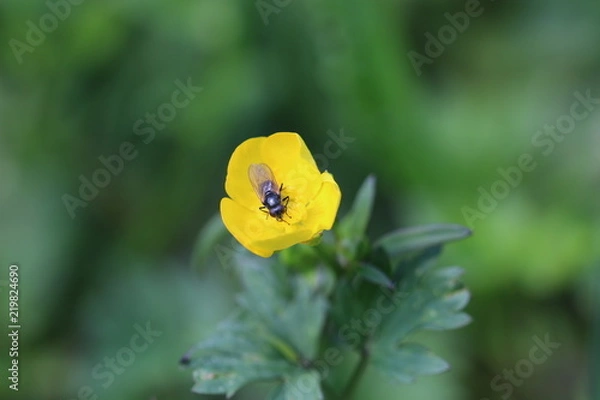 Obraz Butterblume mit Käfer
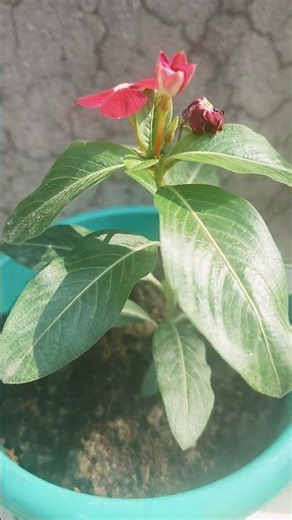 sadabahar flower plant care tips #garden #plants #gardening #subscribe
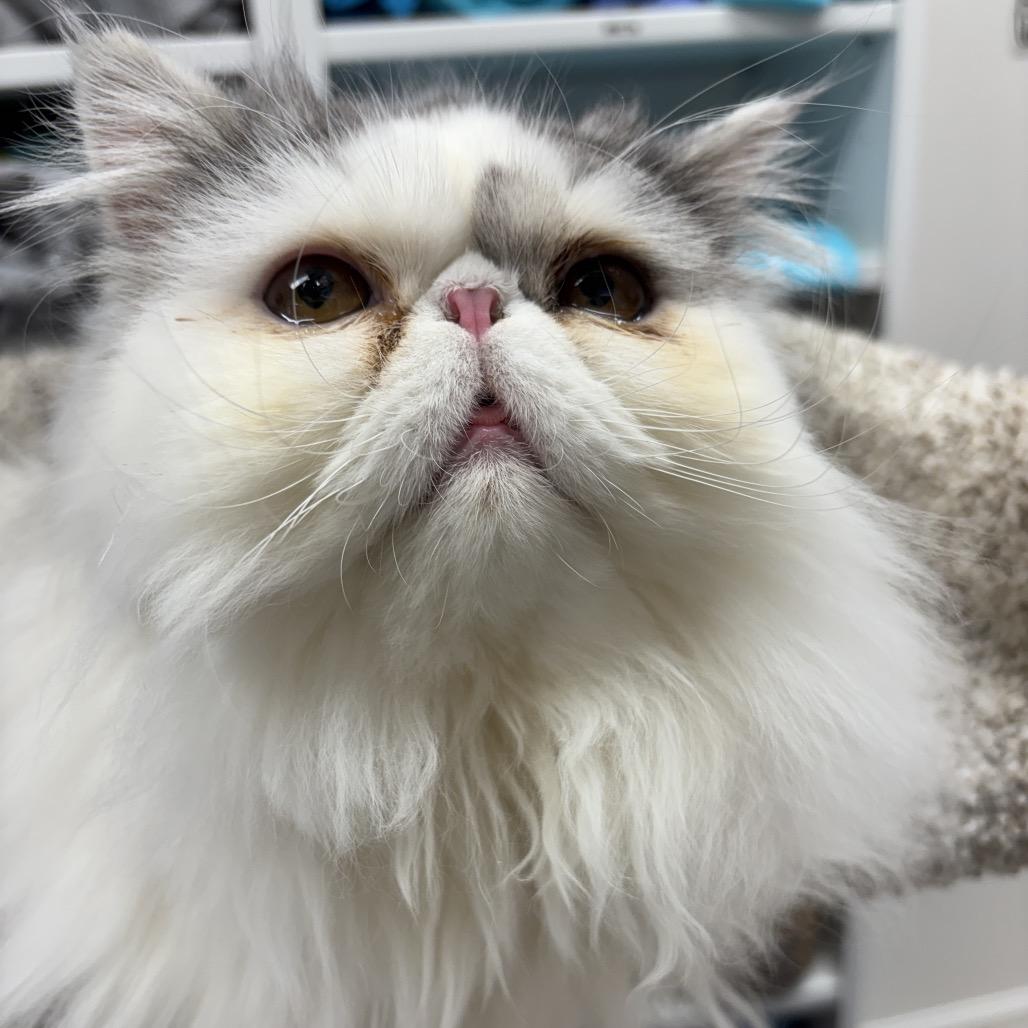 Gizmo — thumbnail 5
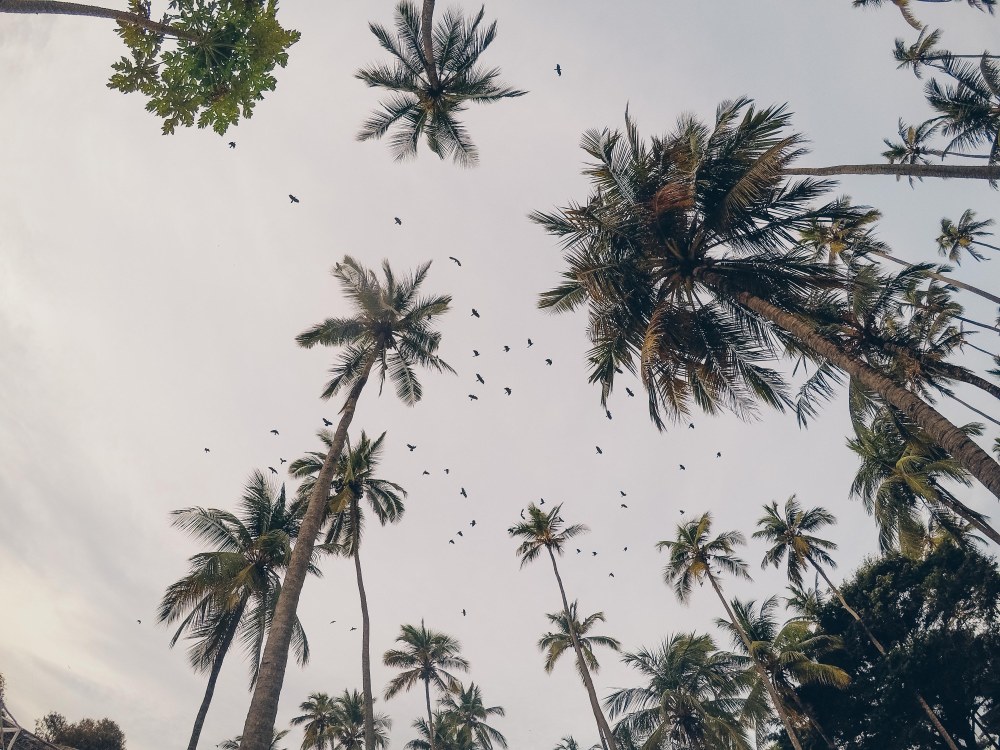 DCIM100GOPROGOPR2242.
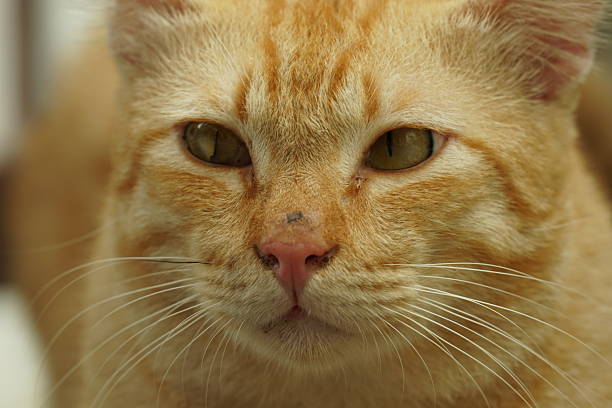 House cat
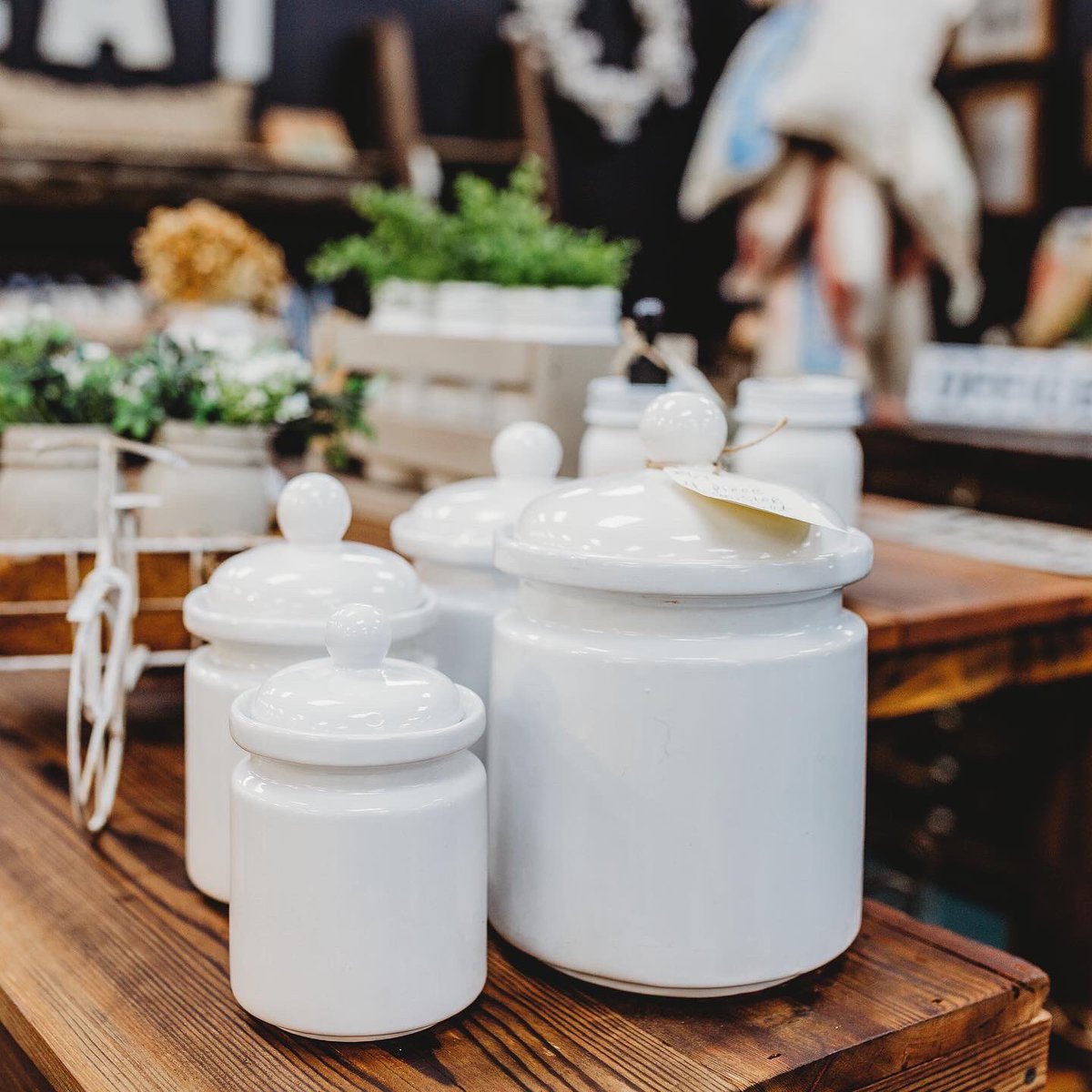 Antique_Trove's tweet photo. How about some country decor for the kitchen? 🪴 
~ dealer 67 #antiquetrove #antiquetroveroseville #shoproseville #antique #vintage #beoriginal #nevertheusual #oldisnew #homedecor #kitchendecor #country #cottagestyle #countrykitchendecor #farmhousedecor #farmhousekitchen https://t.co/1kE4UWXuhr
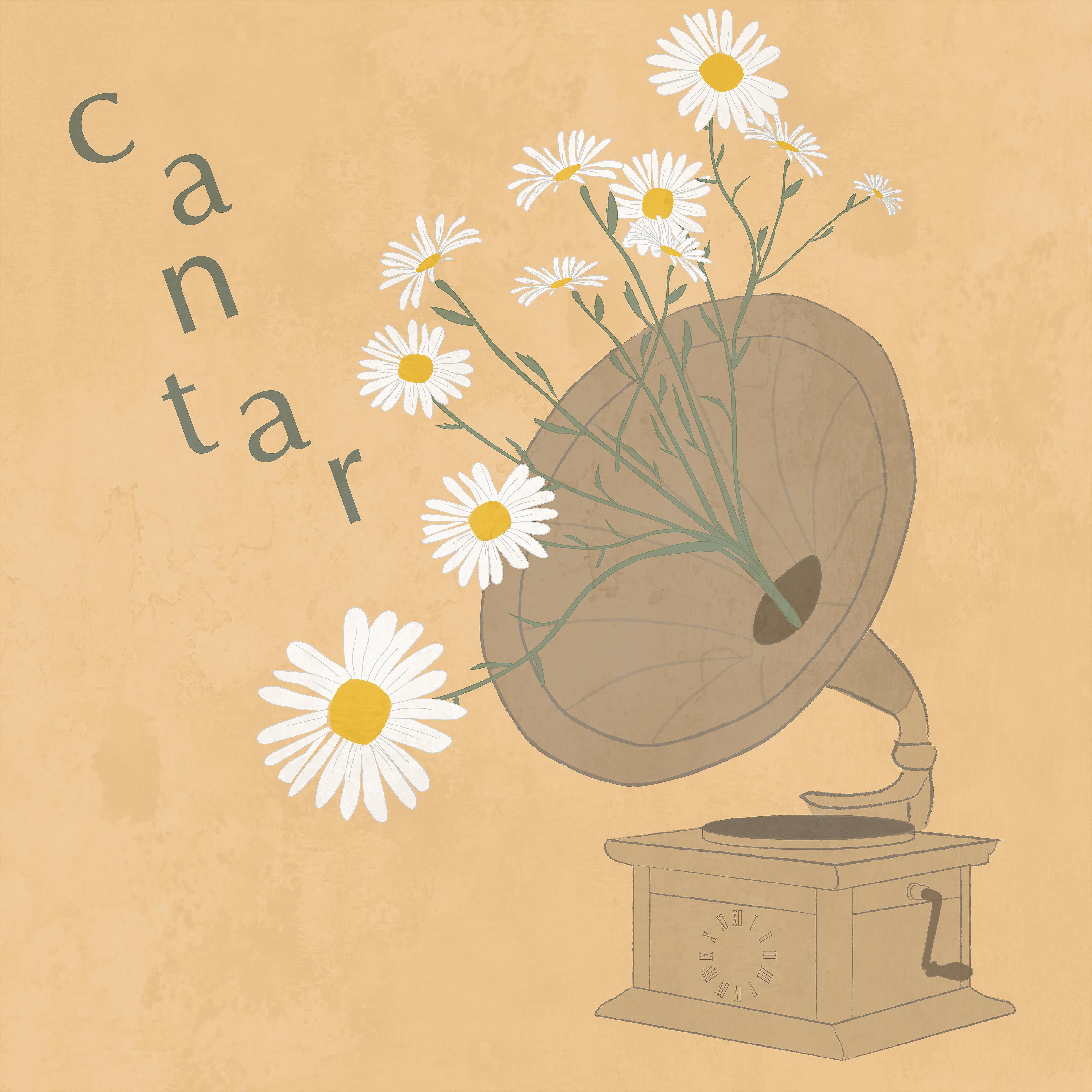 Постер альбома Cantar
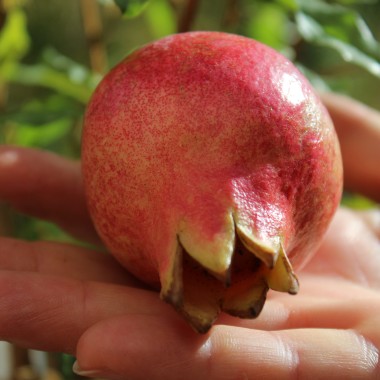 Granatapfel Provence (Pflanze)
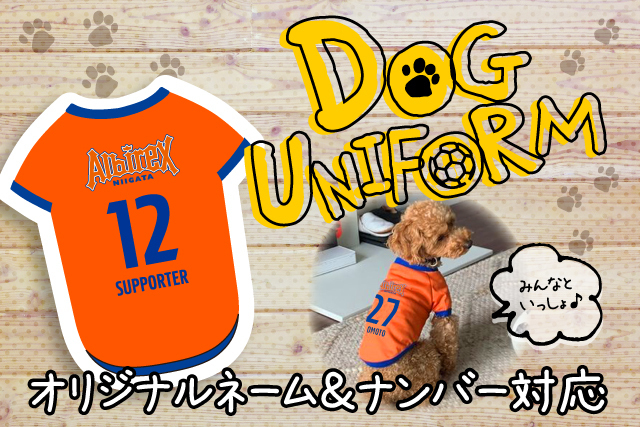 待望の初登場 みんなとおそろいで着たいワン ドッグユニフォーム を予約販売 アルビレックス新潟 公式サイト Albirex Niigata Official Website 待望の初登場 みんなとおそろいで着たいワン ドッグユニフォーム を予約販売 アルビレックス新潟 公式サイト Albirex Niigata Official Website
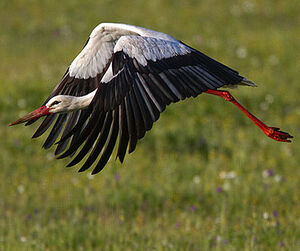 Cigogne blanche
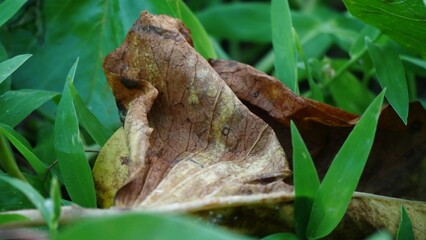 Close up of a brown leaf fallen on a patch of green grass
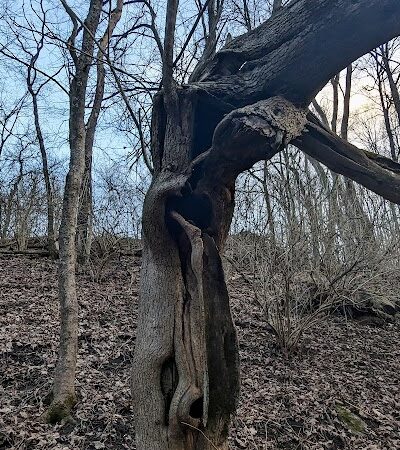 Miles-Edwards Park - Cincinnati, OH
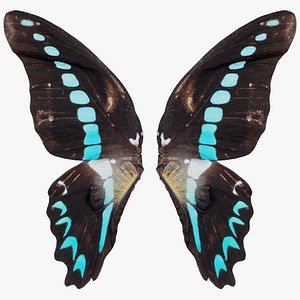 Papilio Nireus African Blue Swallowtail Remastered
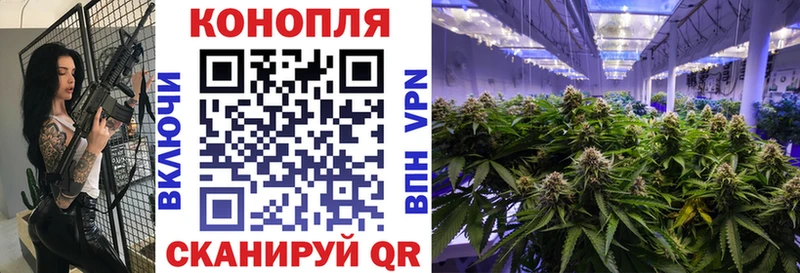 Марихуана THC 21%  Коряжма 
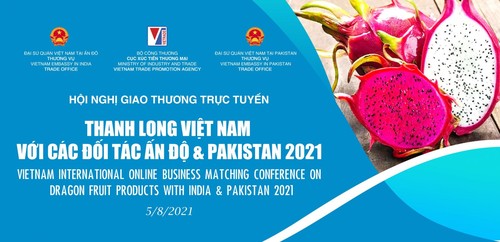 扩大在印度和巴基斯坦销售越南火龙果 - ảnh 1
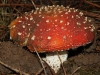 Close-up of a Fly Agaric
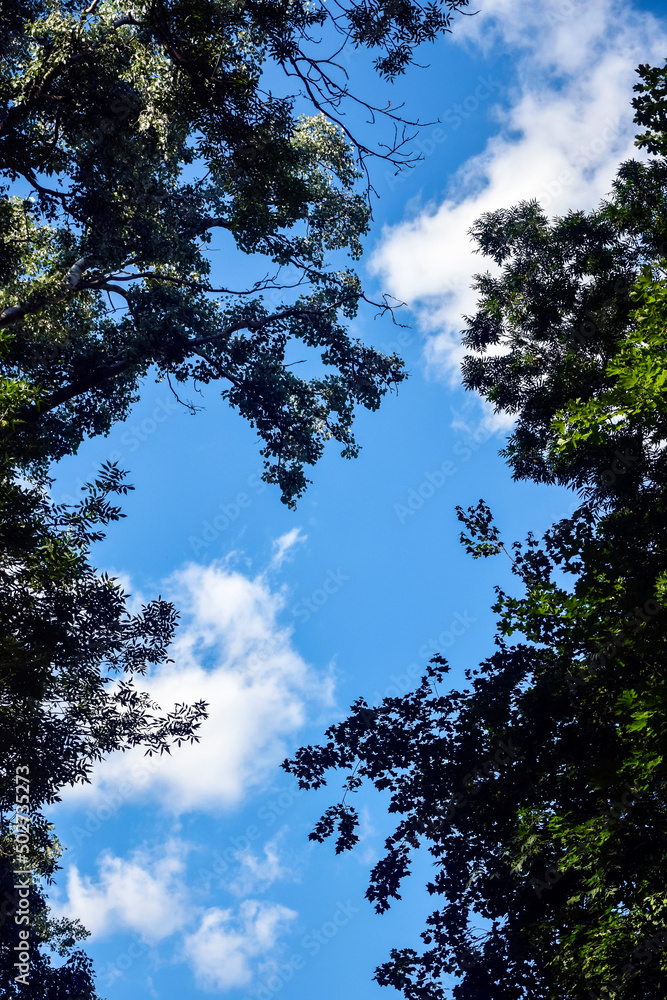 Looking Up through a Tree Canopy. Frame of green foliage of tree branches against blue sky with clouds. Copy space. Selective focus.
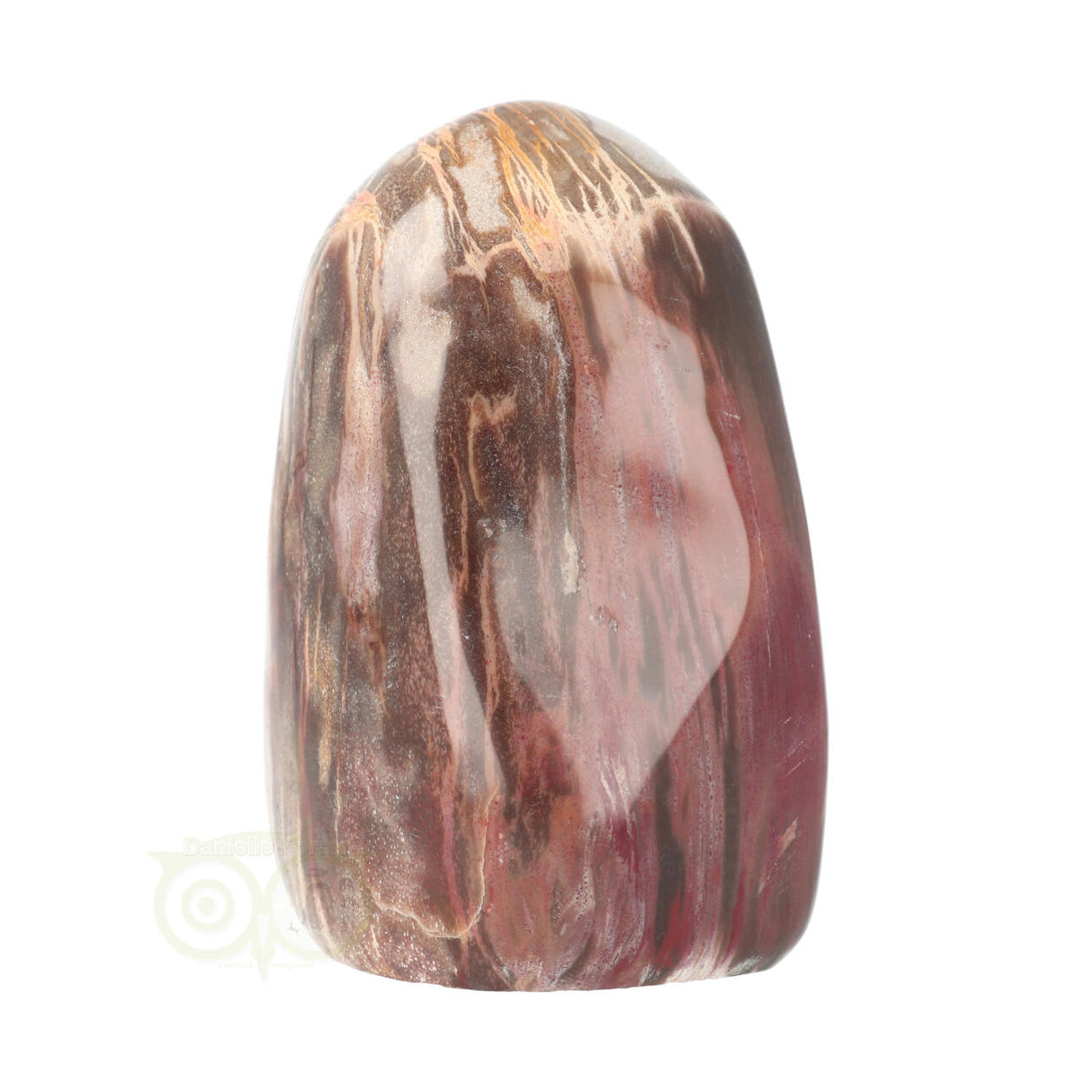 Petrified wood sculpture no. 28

- - - - - - -

The problem: Restate the records above verbatim. Pictures stay out.

Solution:
 Obraz Butterblume mit Käfer
 sadabahar flower plant care tips #garden #plants #gardening #subscribe
 Gizmo — thumbnail 5
 DCIM100GOPROGOPR2242.
 House cat
 Antique_Trove's tweet photo. How about some country decor for the kitchen? 🪴 
~ dealer 67 #antiquetrove #antiquetroveroseville #shoproseville #antique #vintage #beoriginal #nevertheusual #oldisnew #homedecor #kitchendecor #country #cottagestyle #countrykitchendecor #farmhousedecor #farmhousekitchen https://t.co/1kE4UWXuhr
 Постер альбома Cantar
 Granatapfel Provence (Pflanze)
 待望の初登場 みんなとおそろいで着たいワン ドッグユニフォーム を予約販売 アルビレックス新潟 公式サイト Albirex Niigata Official Website 待望の初登場 みんなとおそろいで着たいワン ドッグユニフォーム を予約販売 アルビレックス新潟 公式サイト Albirex Niigata Official Website
 Cigogne blanche
 Close up of a brown leaf fallen on a patch of green grass
 Miles-Edwards Park - Cincinnati, OH
 Papilio Nireus African Blue Swallowtail Remastered
 Марихуана THC 21%  Коряжма 
 扩大在印度和巴基斯坦销售越南火龙果 - ảnh 1
 Close-up of a Fly Agaric
 Looking Up through a Tree Canopy. Frame of green foliage of tree branches against blue sky with clouds. Copy space. Selective focus.
 Petrified wood sculpture no. 28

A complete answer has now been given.